Do you make them? I don't. I mean I have, maybe once or twice in my life, but as a rule I don't believe in them. Why bother? Does anyone ever keep them? I think everyone resolves to lose weight or quit smoking and then on January 2nd the resolutions go up in a puff of smoke and a chocolate eclair.
But this year I decided I'm going to give this another shot. Why? No clue, but here they are:
1. Quit smoking
Okay, so I don't smoke. I thought I should have at least one resolution with a 100% probability of success. I did smoke, when I was young, when it was still cool and we didn't know it was going to blacken our lungs and kill us. Then I quit - 30some years ago. Thank god.
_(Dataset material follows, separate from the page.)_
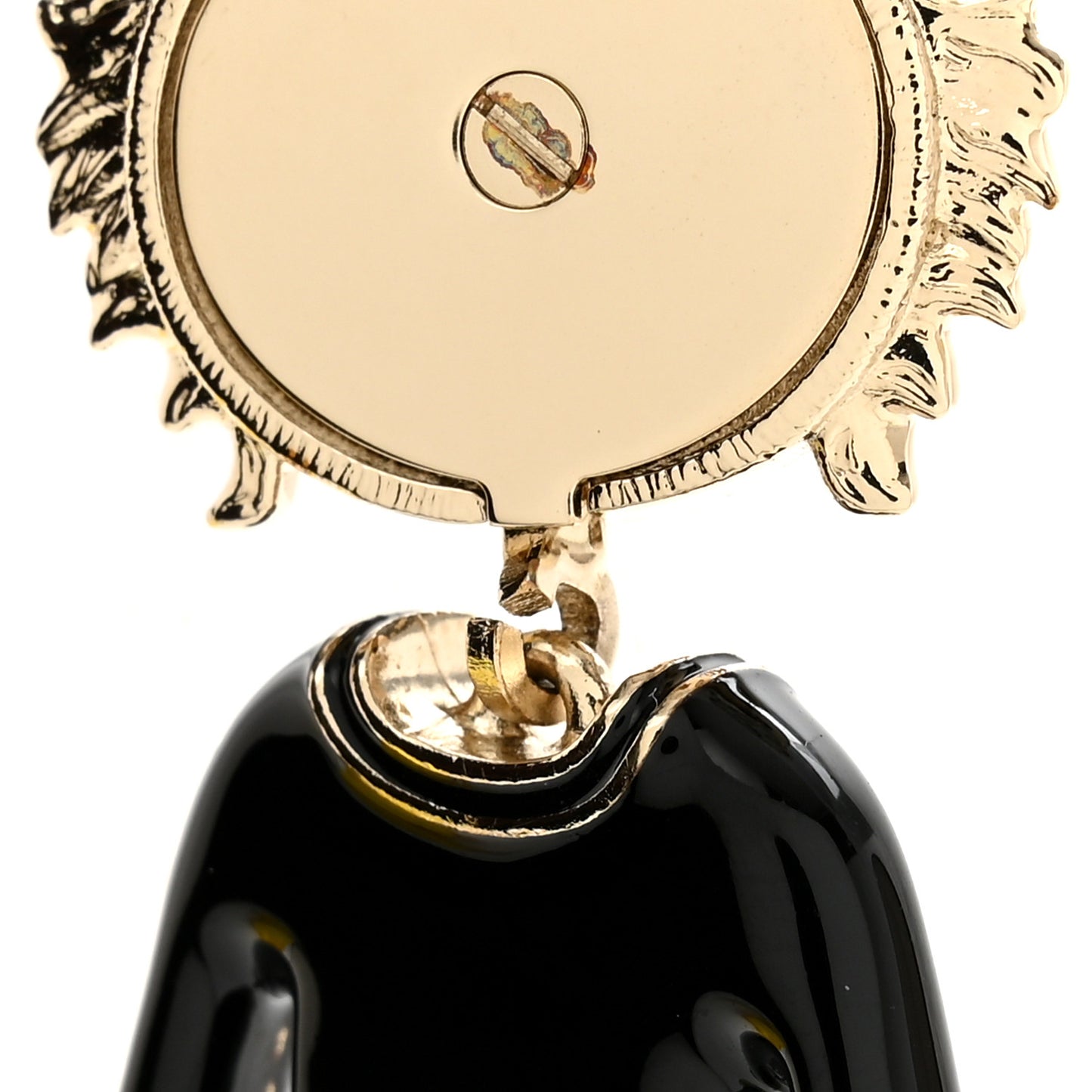 Enamel Crystal Pearl CC Lion Bag Charm Black White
It's such a stupid thing to do - draw smoke into your lungs and pollute the air around you and stink up your clothing. Oops, I'm jumping down off that soap box now. Sorry, I know how tough it is to quit, but DO IT NOW.
2. Write for at least five minutes every day.
That doesn't seem so hard, does it? I can certainly write more than that, but to have some discipline about my writing, five minutes a day is a great goal. This is a tip I learned from one of my writing coaches, Jerry Cleaver, and it's a good one. The least that happens is I get five minutes of writing done, but the most? Sky's the limit; I finish my story/novel/article/poem, write a new chapter, discover new characters...it's all about sitting down and not getting distracted by the Internet or TV or a book or the state of my nails. It's all about just doing it. Maybe if I stick to this resolution my second novel won't take eight years like the first one. Actually, I'm about 3/4 of the way through the first draft of The Ones You Left Behind, and I'm very excited about it.
(I also like Melanie Thorne's Not-Resolutions for writers so I'm going to add them to my writing list. Since they're faux-resolutions they don't seem so daunting.)
3. Take French classes.
Ah, c'est une bon idee! I envy people who went to Europe when they were young, traveling on a Eurail Pass (do they still have those?), sleeping in garrets, smoking Gauloises. Why didn't I do that? Maybe because I grew up in Toledo and no one I knew was doing that. I had only been on an airplane once by the time I was 18 so traveling to Europe never occurred to me. I'm sorry I didn't have that experience as a kid but, I'm not dead yet so I can still do it. It'll be a different experience, of course, and I'll have to do it differently now: no garrets (not that a garret was ever my style), and definitely no Gauloises. But at some point I want to live in Paris. At least for a little while. So, this year I'm going to brush up on my high school French.
Alright, enough with the resolutions. No need to get carried away here.
Did you make any? What are they? Will you keep them?